### INFORMATION

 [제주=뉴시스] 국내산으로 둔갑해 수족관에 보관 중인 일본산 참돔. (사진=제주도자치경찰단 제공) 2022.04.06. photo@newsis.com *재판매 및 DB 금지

...

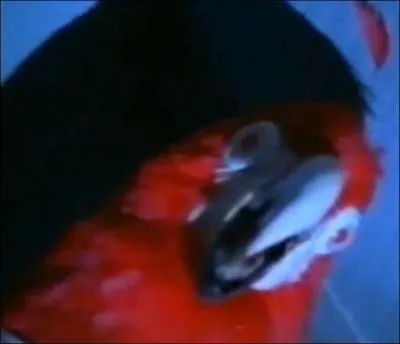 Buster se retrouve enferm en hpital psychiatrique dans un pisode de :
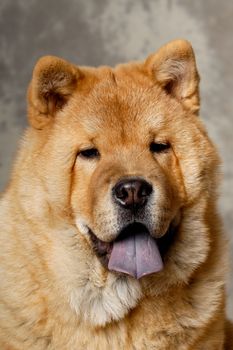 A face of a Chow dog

### WHAT YOU NEED TO DO
Exact copy, pictures excluded: from the line with "Buster se retrouve" up to and including the line with "A face of a Chow dog" in the data above.

### PROBLEM SOLUTION
 Buster se retrouve enferm en hpital psychiatrique dans un pisode de :
 A face of a Chow dog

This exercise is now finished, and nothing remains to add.